Ce matin, à la communauté urbaine de Lille, je signe par délégation de Martine AUBRY la 2e convention de services comptable et financier avec Madame Claude REISMAN, trésorier-payeur général de la région Nord - Pas-de-Calais.

 

Cette convention est à la fois la confirmation d’un partenariat, l’aboutissement d’un long travail et l’affirmation d’une conviction.

 

Le partenariat, c’est celui qui lie la Communauté urbaine à la Trésorerie générale, avec pour objectif d’optimiser la gestion des échanges financiers entre les deux administrations pour une meilleure maîtrise des deniers publics. Devenu vice-président au budget auprès de Pierre MAUROY en 2001, j’ai lancé en effet ce chantier pour mobiliser les services de la Trésorerie et ceux du service des finances de LMCU pour qu’on modernise ensemble nos procédures, qu’on les simplifie et qu’en se connaissant mieux les uns les autres, on travaille mieux ensemble pour être plus efficaces.

 

Cela a donné lieu à une convention de partenariat en novembre 2001 (traitement des mandats de paiement, réduction des délais de règlement) et à la 1ère convention de partenariat des services comptable et financier en novembre 2003. Depuis, il y a eu un gros travail de nos services respectifs et cela nous a beaucoup mobilisés.

 

Alors aujourd’hui, je suis particulièrement satisfait qu’avec cette seconde convention, nous engagions une nouvelle étape (2009-2012) à travers 4 axes de travail en commun et 16 mesures : c’est notre programme de travail pour les années à venir.

 

Tout cela répond à ma conviction, que si « on a de bonnes finances, on pourra faire de bonnes politiques » ! A la communauté urbaine, dans le programme de Martine AUBRY, nous l’avions inscrit : nous sommes persuadés qu’en travaillant à assainir nos finances, nous parviendrions à trouver des marges de manœuvre financières.
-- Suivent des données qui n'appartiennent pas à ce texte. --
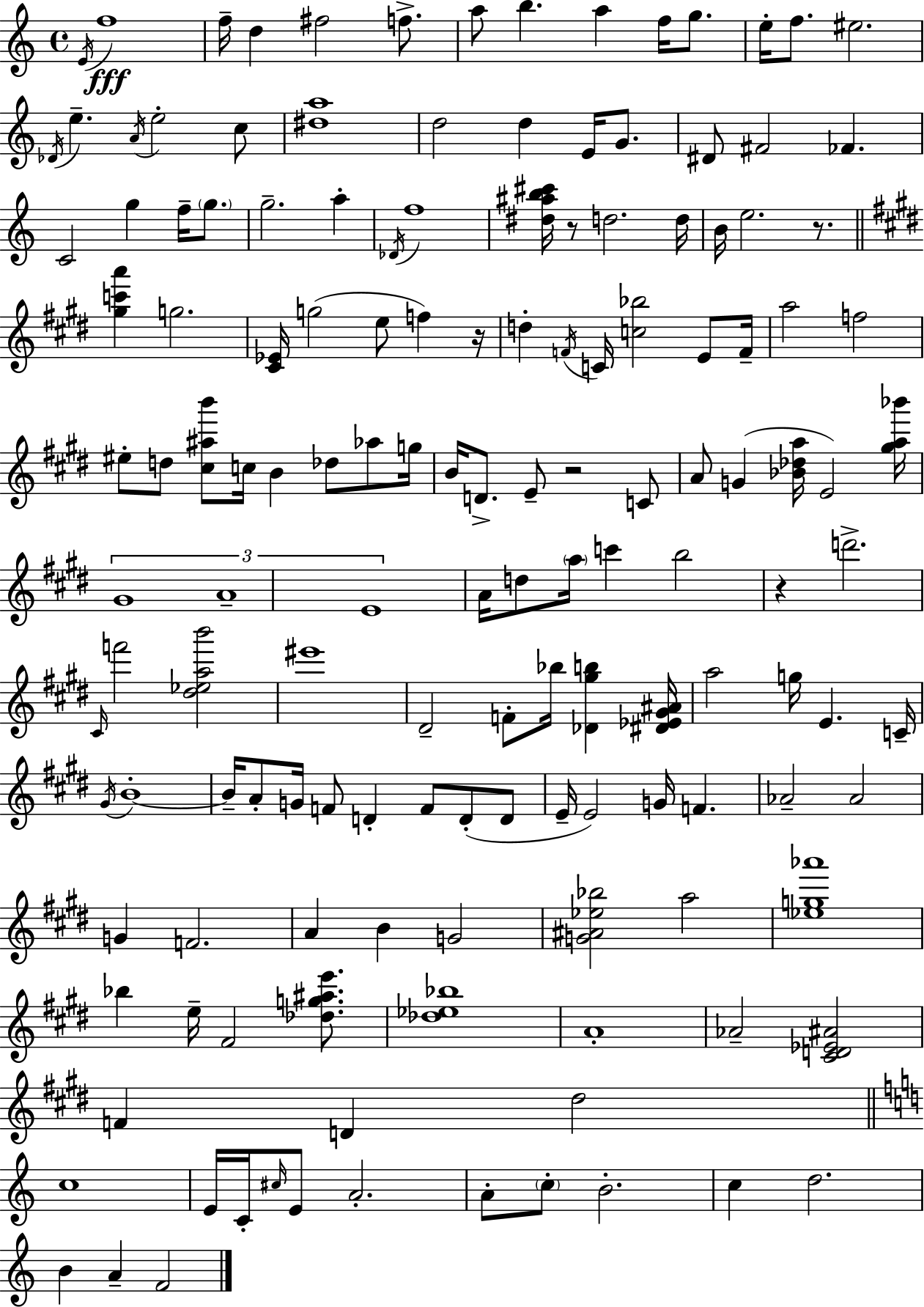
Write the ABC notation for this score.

X:1
T:Untitled
M:4/4
L:1/4
K:C
E/4 f4 f/4 d ^f2 f/2 a/2 b a f/4 g/2 e/4 f/2 ^e2 _D/4 e A/4 e2 c/2 [^da]4 d2 d E/4 G/2 ^D/2 ^F2 _F C2 g f/4 g/2 g2 a _D/4 f4 [^d^ab^c']/4 z/2 d2 d/4 B/4 e2 z/2 [^gc'a'] g2 [^C_E]/4 g2 e/2 f z/4 d F/4 C/4 [c_b]2 E/2 F/4 a2 f2 ^e/2 d/2 [^c^ab']/2 c/4 B _d/2 _a/2 g/4 B/4 D/2 E/2 z2 C/2 A/2 G [_B_da]/4 E2 [^ga_b']/4 ^G4 A4 E4 A/4 d/2 a/4 c' b2 z d'2 ^C/4 f'2 [^d_eab']2 ^e'4 ^D2 F/2 _b/4 [_D^gb] [^D_E^G^A]/4 a2 g/4 E C/4 ^G/4 B4 B/4 A/2 G/4 F/2 D F/2 D/2 D/2 E/4 E2 G/4 F _A2 _A2 G F2 A B G2 [G^A_e_b]2 a2 [_eg_a']4 _b e/4 ^F2 [_dg^ae']/2 [_d_e_b]4 A4 _A2 [^CD_E^A]2 F D ^d2 c4 E/4 C/4 ^c/4 E/2 A2 A/2 c/2 B2 c d2 B A F2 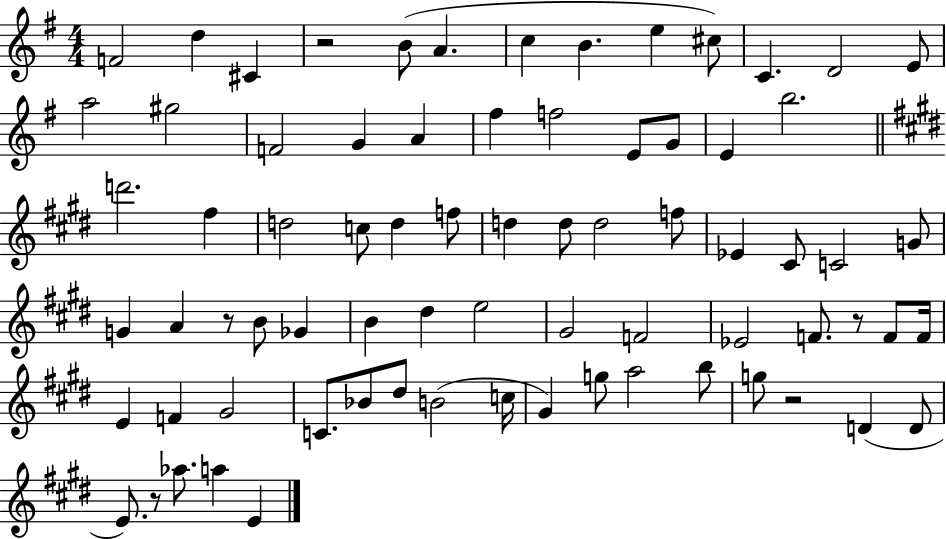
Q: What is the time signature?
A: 4/4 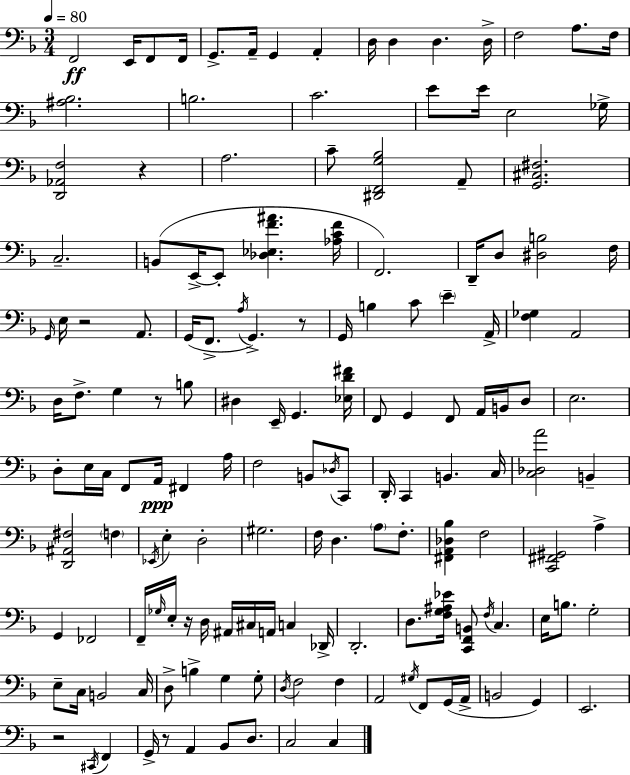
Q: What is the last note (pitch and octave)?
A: C3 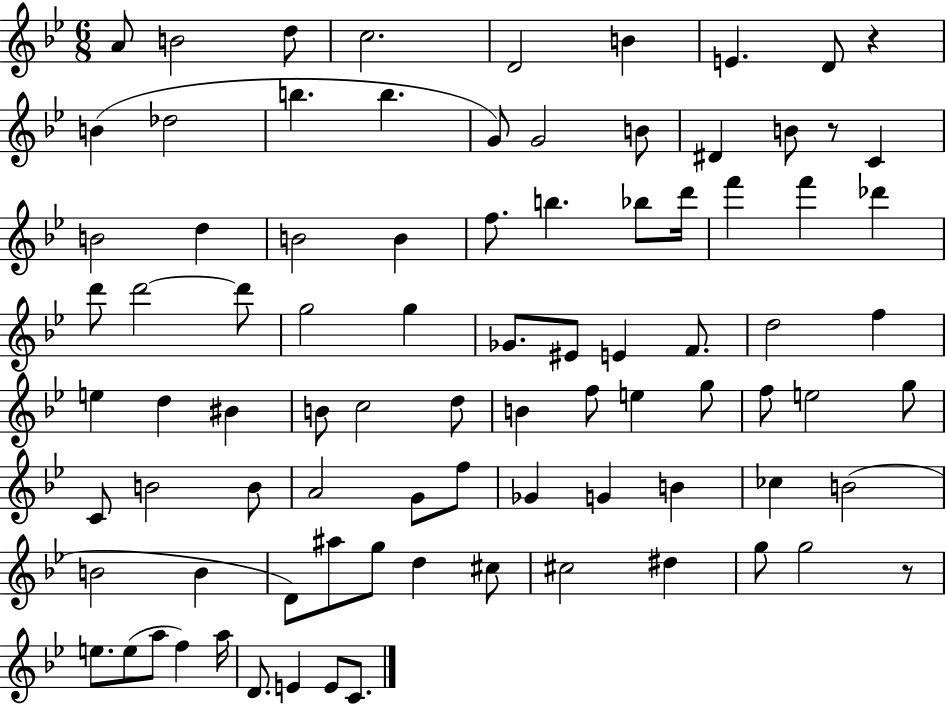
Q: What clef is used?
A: treble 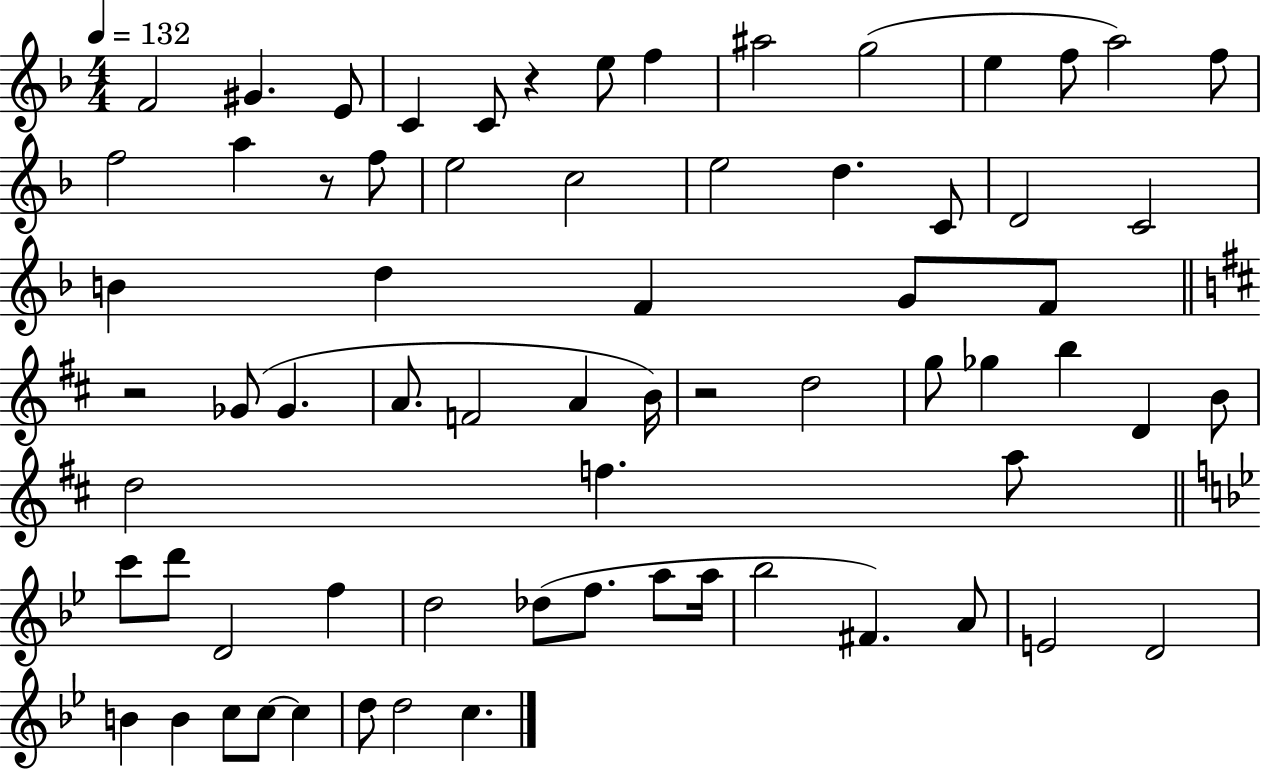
{
  \clef treble
  \numericTimeSignature
  \time 4/4
  \key f \major
  \tempo 4 = 132
  f'2 gis'4. e'8 | c'4 c'8 r4 e''8 f''4 | ais''2 g''2( | e''4 f''8 a''2) f''8 | \break f''2 a''4 r8 f''8 | e''2 c''2 | e''2 d''4. c'8 | d'2 c'2 | \break b'4 d''4 f'4 g'8 f'8 | \bar "||" \break \key b \minor r2 ges'8( ges'4. | a'8. f'2 a'4 b'16) | r2 d''2 | g''8 ges''4 b''4 d'4 b'8 | \break d''2 f''4. a''8 | \bar "||" \break \key bes \major c'''8 d'''8 d'2 f''4 | d''2 des''8( f''8. a''8 a''16 | bes''2 fis'4.) a'8 | e'2 d'2 | \break b'4 b'4 c''8 c''8~~ c''4 | d''8 d''2 c''4. | \bar "|."
} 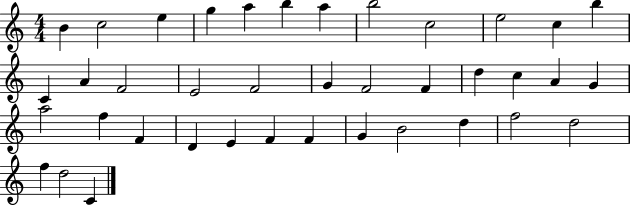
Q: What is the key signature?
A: C major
C’était le programme, nous le faisons. La convention, son utilité, ce sont trois mots :

 

Ø économie : être économes, c’est être plus efficaces. L’objectif, c’est de mettre moins d’argent dans les paperasseries, dans les frais de structure, pour pouvoir en mettre plus dans les politiques d’actions communautaires. C’est pour cela que dans cette 2e convention, on met le paquet pour la dématérialisation (des documents budgétaires, des bordereaux, des mandats de paiement…).

 

Ø crédibilité : notre budget communautaire est sincère mais en améliorant

encore la qualité de nos comptes (par exemple, sur les immobilisations et le patrimoine), on en améliorerait encore la crédibilité. L’objectif ? Viser la certification des comptes de LMCU…

 

Ø performance : avoir de bonnes finances, c’est avoir une gestion comptable et budgétaire de qualité.

 

Etre économe, crédible et performant : c’est l’objectif qu’a la Communauté urbaine de Lille pour sa politique financière. Avec Alain BERNARD, maire de Bouvines, vice-président à mes côtés, j’y travaille. Ça prend du temps. Mais il y a bien des économies à réaliser.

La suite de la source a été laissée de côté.